The reporter asked what the most rewarding thing has been about
campaigning. I said: "Planting seeds." For instance,
after a talk my wife Liz and I gave to a youth group in Oklahoma City,
Oklahoma, about some of the abject poverty we'd seen on various
Native American Reservations, the group decided to go on a two-week trip
to one of the poorest Reservations in New Mexico to help.
- I gave a talk to a "Just
Faith" group at Our Lady of Guadalupe Church in Silvis, Illinois.
The group is focused on social justice and they were reading the
book: The Powers That Be. An excerpt from the book
reads: My friend Jack Nelson Pallmeyer once found himself walking
through the streets of Calcutta, so enraged by the poverty that he wanted
to scream at God: "How can you allow such suffering!?"
Then he came to a painful realization: "In the suffering of the
poor, God was screaming at me, in fact at all of us, and at our institutions
and social systems that cause and perpetuate hunger, poverty and
inequality."
- In Ft. Wayne, Indiana, Ft. Wayne
Journal columnist Frank Grey asked me how I had changed since I
started running for president.
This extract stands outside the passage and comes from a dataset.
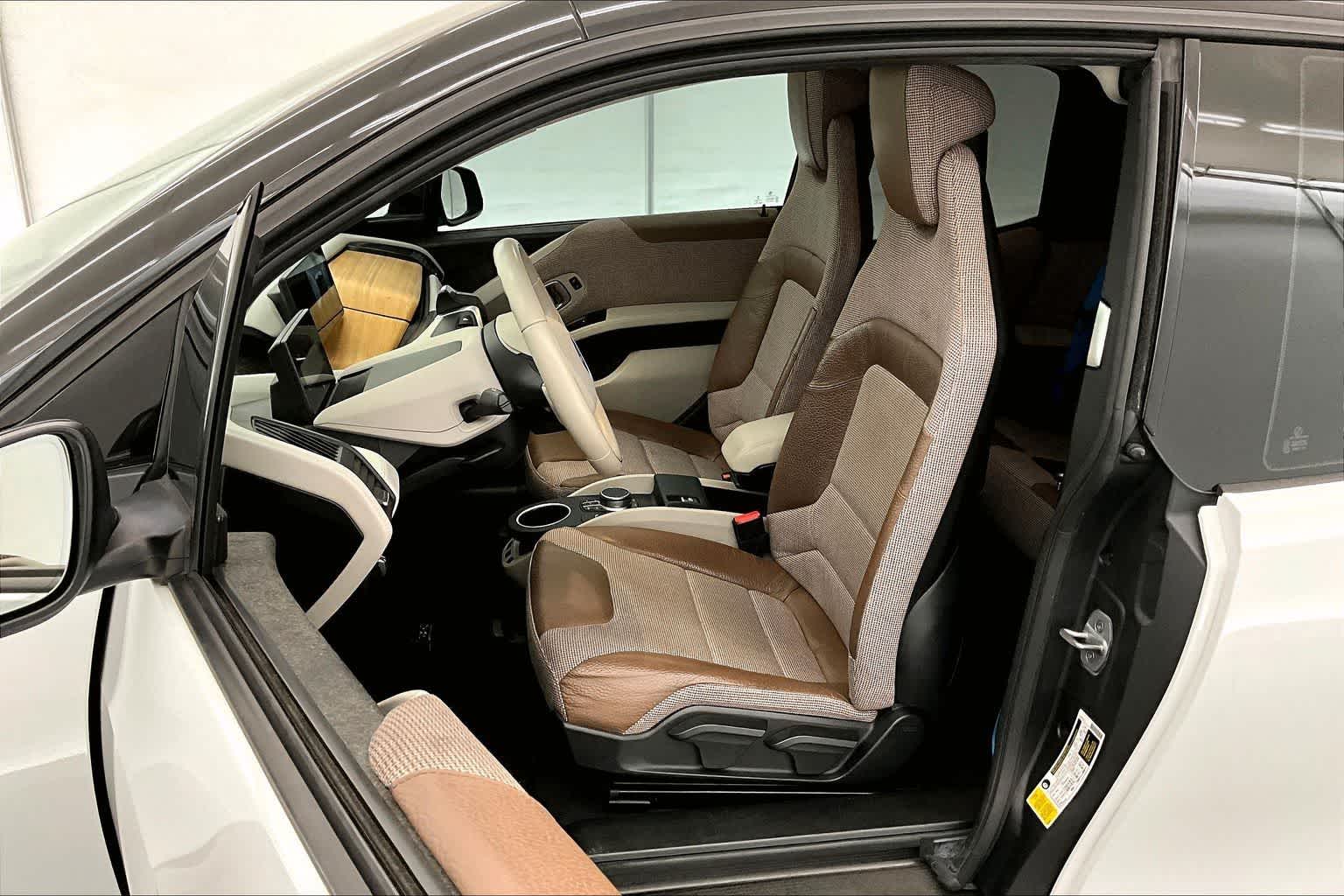 Thumbnail: 2019 BMW i3 - 11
I said I had become much more
concerned about the plight of the poor, the environment, our kids'
futures...
- In Portland, Indiana, we met with Patty
Johnston, Director of the Pregnancy Care Center there. She recently
got a grant to teach about abstinence to local students -- in Portland's
Middle School. Is it me, or are kids growing up way too
fast these days?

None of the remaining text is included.